Comment by JimDabell
7 years ago
I don't see why you jumped to that conclusion. What about that JSON requires a universal client? It seems trivial to implement a personal "Garage Automation Client" based on that JSON that doesn't have to deal with anything else.
I might have this 100% backwards, but I've always thought the application state part of HATEOAS is entirely in the client. Does the server know anything about application state other than maybe implicitly through resource state?
The server tells the client about the state through the hypertext documents it sends it. The client then transitions to a new state by performing an action described in that document. Hence: Hypertext/Hypermedia as the engine of application state (HATEOAS).
I'm still not grasping why you think the API above needs some kind of universal client though. You can implement a very simple client for that extremely quickly. All you need to do is loop over the actions and render a button for each one using the provided label.

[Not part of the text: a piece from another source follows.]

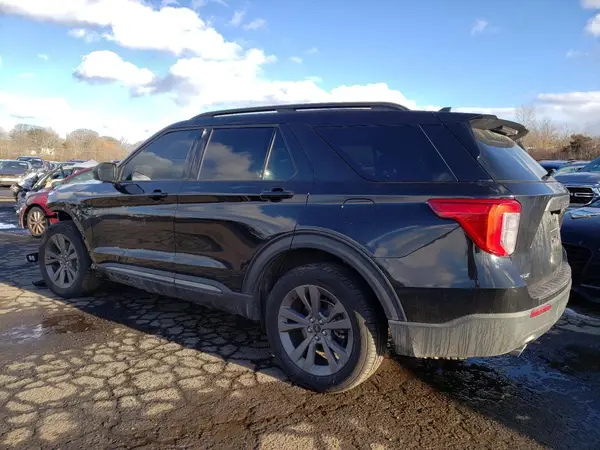 1FMSK8DH8MGA01102 2021 FORD EXPLORER - Image 2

Then when the button is clicked/tapped, you perform the action described and the response will be the next state.
I'm not saying it needs a universal client, just that it's the only real reason I can think of for including all of that.
For example, say we are writing a client to do something with Fitbit data. Step one wouldn't be to send a GET to the root to find out what actions are possible, would it? We might find out they have APIs for tracking vehicle mileage but I don't want that in my client - I just want to graph the hours I've been sleeping. So I'm going to Fitbit ahead of time knowing what I want to do.
If you were going to craft a client UI based entirely off the server responses, you are going to recreate the Gopher experience, and nobody wants that.